Todo escritor precisa evoluir na sua arte. Todo amador também. O assunto de hoje não é a classe média, mas a "classe burocrática" de Brasília. A burocracia da capital federal é dividida, grosso modo, em cargos de confiança e funcionários de carreira. Os primeiros são as indicações políticas (DAS) e os outros constituem a categoria dos concursados. Muita gente da turma do DAS veio de São Paulo. Estudaram no Largo São Francisco ou na PUC. A maioria formada em Direito, alguns em economia, relações internacionais e ciências sociais. Lembro-me bem de uma eleição, há alguns anos, quando nosso saudoso Maluf concorria a prefeito. Os setores ilustrados e os setores engajados da "sociedade" se aliaram para desbancar a candidatura do turco ladrão. Foi um momento de epifania democrática na efervescente vida política da zona oeste de São Paulo. Todos juntos contra um inimigo comum. Diferenças "ideológicas" deram lugar ao consenso, e se alguém diminuisse o volume das conversas nos bares da Vila Madalena, era possível ouvir as vozes e os violões de Chico Buarque e Geraldo Vandré embalando a moçada. Ridicularizava-se o argumento fundamental do malufismo - o princípio do rouba, mas faz -, invocando a ideia weberiana de que a atividade política é vocação e não um meio de enriquecimento ilícito. Os setores engajados da "sociedade", arautos da verdade, praticamente-inquisidores, eram os mais veementes críticos da falta de ética no exercício do poder. Estufavam o peito e enchiam a boca para escarafunchar o furúnculo da corrupção.

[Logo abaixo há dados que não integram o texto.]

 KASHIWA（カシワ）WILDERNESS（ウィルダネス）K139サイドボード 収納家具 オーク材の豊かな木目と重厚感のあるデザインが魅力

A imprensa brasileira foi recentemente inundada por denúncias de tráfico de influência e nepotismo contra a Ministra da Casa Civil, Erenice Guerra. O Governo acusou os meios de comunicação de conspiração. A ex-Ministra e Chefe há quinze anos de Erenice, Dilma Roussef, afirmou que "é impossível saber o que todas as pessoas da família fazem", eximindo-se de responsabilidade sobre os delitos cometidos debaixo de sua narina. Algumas publicações rasteiras, em nome da neutralidade jornalística, lançaram reportagens acusando outras publicações também rasteiras de praticarem mau jornalismo, desinformando o público a respeito dos fatos para favorecer a oposição, liderada pelo "candidato tucano e seus demos". A turma do DAS, cujo núcleo duro é o setor engajado da "sociedade", faz coro com tais veículos e, ao invés de apresentar provas que desmintam as denúncias, defende o Governo com base em acusações. Fazem-no com vapor nas retinas e a voz exaltada, a poucos centímetros de perder-se no grito - algo parecido com o que deve ter sido o autoritarismo bolchevique. O "argumento" que mais tenho ouvido é este: "em 98 o PSDB pagou para aprovar a lei que permitiu a reeleição do FHC".

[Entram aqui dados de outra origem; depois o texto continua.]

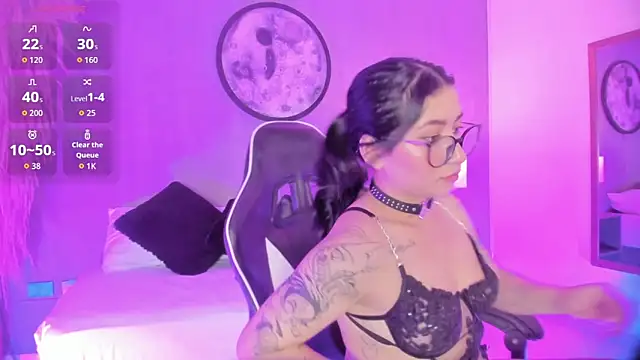 charlottee27_ webcam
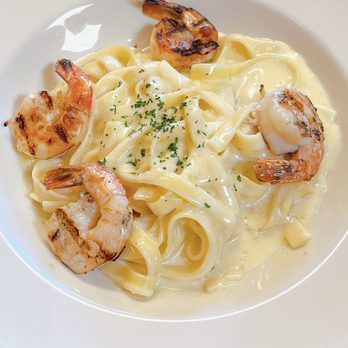 Vaso Azzurro Ristorante - Fettucini Alfredo Dinner with prawns - Italian Near Me - Mountain View, California Vaso Azzurro Ristorante - Fettucini Alfredo Dinner with prawns - Italian Near Me - Mountain View, California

Vamos lá... De minha parte, adoro discutir política, apesar do estresse que esse tipo de discussão provoca. Sou contra a Dilma e contra o PT, ponto final. Faço questão de dizer isso logo de cara. É a deixa para o interlocutor supor que sou tucano ou democrata-demoniáco. Petista tem mania de perseguição, não sei por que. De imediato, surgem argumentos do tipo "em compensação", como o mencionado há pouco. CAGUEI E ANDEI para o PSDB. Quero apenas que me apresentem argumentos convincentes para confirmar o partidão, corrupto e aliado de figuras deploráveis como Sarney, Renan Calheiros e (até hoje fico pasmo) Fernando Collor de Melo, no comando do País por mais 4 anos. Há muitos outros canidadatos além do vampiro. Há, inclusive, uma candidata de origem simples e que, ao contrário do nosso atual Presidente, redentor dos oprimidos, orgulha-se, e muito, da sua educação formal. Digo isso tudo e recebo o seguinte argumento: "dos males o menor". Ou seja: o vampiro é ladrão, a criacionista é despreparada (e crente) e a Dilma, apesar de sua assessoria corrupta, é a solução. Tem cabimento? Não tem.

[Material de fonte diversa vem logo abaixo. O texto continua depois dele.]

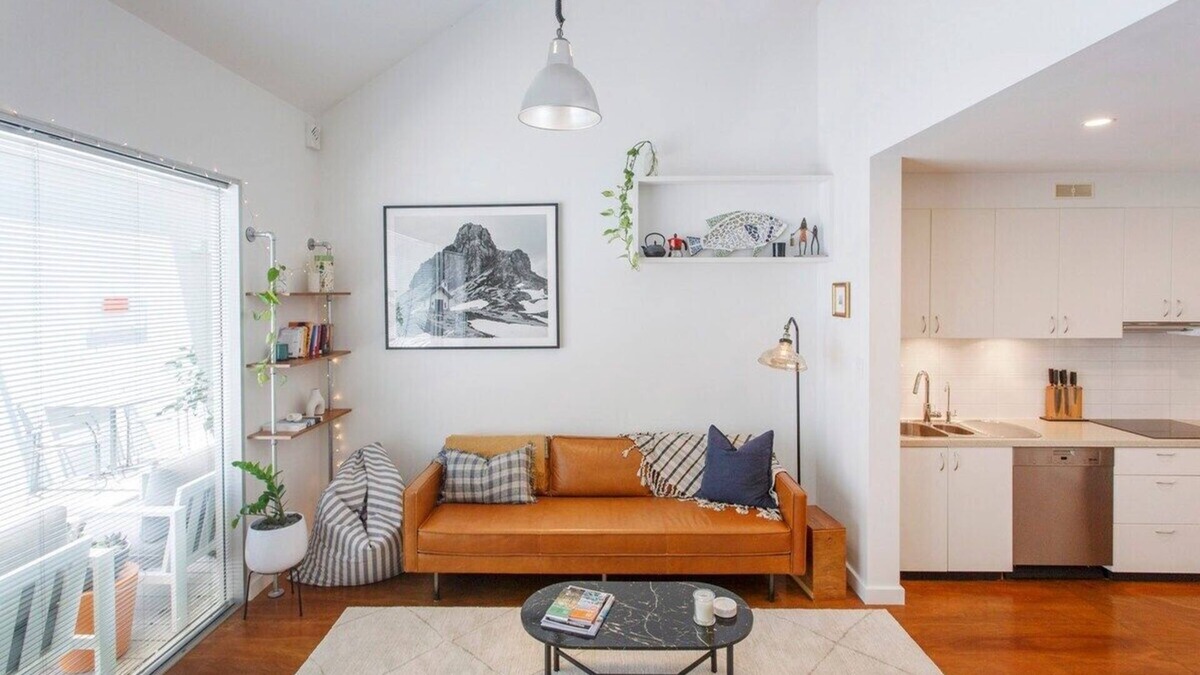 Fremantle Apartment | Located in the Old Tannery just minutes walk to Central Fremantle's vibrant City Centre. What you will enjoy: * Peaceful location yet central to markets * Free secure parking for 1 car undercover * Climate controlled air conditioning *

O ponto onde quero chegar é que a turma do DAS e grande parte do setor engajado da "sociedade" queima a língua, renega o passado e ofende a ética. Votar no PT hoje é, fundamentalmente, igual a votar no Maluf, algo que nos idos da década de 1990 era deplorável, punido no sétimo círculo do Inferno. Prevalece na cabeça do eleitor petista o velho e tosco bordão do turco bandido: "rouba, mas faz". É uma pena.